**Assigned task**. Up to and including the line with "Decorative porcelain dish", return every line from the start of the entries below exactly.

Stored items:

::::::::

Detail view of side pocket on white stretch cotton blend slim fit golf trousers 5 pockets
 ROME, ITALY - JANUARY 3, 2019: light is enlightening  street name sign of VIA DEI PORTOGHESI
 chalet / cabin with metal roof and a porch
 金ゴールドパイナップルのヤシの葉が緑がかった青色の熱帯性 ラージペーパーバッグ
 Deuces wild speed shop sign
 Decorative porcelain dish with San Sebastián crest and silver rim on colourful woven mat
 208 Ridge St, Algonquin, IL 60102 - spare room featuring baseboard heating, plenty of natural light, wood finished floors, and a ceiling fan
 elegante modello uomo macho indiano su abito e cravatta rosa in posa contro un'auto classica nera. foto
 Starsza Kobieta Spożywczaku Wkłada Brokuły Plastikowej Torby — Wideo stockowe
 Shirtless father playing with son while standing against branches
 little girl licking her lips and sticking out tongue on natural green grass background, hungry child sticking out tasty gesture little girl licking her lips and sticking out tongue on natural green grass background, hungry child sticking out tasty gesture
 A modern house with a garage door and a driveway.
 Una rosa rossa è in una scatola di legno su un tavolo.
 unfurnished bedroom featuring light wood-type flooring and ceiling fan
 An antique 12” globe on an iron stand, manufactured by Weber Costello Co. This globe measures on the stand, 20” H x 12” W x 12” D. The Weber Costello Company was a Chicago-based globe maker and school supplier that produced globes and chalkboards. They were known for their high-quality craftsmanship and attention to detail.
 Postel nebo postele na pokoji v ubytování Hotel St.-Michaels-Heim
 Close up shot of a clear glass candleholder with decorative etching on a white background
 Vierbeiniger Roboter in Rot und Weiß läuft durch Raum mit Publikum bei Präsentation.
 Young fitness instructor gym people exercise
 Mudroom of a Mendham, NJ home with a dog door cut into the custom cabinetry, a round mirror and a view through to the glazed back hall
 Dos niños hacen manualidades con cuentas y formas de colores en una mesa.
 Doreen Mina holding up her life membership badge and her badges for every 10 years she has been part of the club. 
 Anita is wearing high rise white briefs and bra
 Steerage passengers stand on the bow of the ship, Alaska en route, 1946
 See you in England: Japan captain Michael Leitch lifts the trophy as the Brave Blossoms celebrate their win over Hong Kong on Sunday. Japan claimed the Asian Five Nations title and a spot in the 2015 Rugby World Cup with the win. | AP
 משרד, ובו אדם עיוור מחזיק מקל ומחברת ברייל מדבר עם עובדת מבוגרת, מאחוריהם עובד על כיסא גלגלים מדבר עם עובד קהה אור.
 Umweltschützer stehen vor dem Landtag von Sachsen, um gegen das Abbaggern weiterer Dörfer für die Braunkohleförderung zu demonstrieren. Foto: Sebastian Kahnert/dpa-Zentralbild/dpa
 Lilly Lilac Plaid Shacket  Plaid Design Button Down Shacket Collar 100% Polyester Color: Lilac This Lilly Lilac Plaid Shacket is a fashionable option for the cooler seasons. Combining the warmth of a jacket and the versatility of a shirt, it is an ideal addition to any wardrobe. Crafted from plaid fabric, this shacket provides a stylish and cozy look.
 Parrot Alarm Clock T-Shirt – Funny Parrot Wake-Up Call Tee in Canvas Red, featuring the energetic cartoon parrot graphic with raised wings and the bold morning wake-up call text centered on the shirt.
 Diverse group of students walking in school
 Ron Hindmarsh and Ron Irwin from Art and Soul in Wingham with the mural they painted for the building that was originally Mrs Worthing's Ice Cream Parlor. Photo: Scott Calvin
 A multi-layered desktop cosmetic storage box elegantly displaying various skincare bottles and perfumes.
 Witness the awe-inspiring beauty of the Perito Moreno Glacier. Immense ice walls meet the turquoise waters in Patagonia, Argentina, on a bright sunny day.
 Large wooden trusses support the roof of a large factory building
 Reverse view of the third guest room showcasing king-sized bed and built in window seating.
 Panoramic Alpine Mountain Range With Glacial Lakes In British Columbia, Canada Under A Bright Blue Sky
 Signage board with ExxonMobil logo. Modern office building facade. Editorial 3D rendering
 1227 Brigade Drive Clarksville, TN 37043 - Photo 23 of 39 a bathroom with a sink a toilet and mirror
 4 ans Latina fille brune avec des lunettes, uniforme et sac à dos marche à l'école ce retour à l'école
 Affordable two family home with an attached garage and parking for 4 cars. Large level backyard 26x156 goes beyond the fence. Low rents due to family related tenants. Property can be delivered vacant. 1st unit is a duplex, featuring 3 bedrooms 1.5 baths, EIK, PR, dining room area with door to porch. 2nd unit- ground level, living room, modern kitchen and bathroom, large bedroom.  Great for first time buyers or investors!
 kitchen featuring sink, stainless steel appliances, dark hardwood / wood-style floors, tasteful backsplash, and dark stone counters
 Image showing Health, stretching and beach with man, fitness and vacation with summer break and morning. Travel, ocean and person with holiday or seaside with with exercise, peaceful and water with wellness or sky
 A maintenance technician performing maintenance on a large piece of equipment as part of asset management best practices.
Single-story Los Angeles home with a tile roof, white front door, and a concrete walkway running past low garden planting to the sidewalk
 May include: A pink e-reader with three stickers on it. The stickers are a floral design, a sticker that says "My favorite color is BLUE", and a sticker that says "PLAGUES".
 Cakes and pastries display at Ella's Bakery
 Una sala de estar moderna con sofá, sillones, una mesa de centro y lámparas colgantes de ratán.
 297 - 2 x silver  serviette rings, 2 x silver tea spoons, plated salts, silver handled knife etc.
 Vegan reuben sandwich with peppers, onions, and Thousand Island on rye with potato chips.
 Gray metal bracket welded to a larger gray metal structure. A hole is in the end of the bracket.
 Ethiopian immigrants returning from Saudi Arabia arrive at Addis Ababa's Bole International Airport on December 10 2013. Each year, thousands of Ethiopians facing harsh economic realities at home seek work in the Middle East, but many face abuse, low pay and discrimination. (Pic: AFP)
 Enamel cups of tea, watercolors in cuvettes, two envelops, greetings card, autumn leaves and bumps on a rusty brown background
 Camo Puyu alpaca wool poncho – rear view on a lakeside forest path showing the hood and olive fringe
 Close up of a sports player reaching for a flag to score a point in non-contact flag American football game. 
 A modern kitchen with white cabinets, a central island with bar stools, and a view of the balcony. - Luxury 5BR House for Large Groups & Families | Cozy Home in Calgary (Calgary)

::::::::

**Answer space**.
Detail view of side pocket on white stretch cotton blend slim fit golf trousers 5 pockets
 ROME, ITALY - JANUARY 3, 2019: light is enlightening  street name sign of VIA DEI PORTOGHESI
 chalet / cabin with metal roof and a porch
 金ゴールドパイナップルのヤシの葉が緑がかった青色の熱帯性 ラージペーパーバッグ
 Deuces wild speed shop sign
 Decorative porcelain dish with San Sebastián crest and silver rim on colourful woven mat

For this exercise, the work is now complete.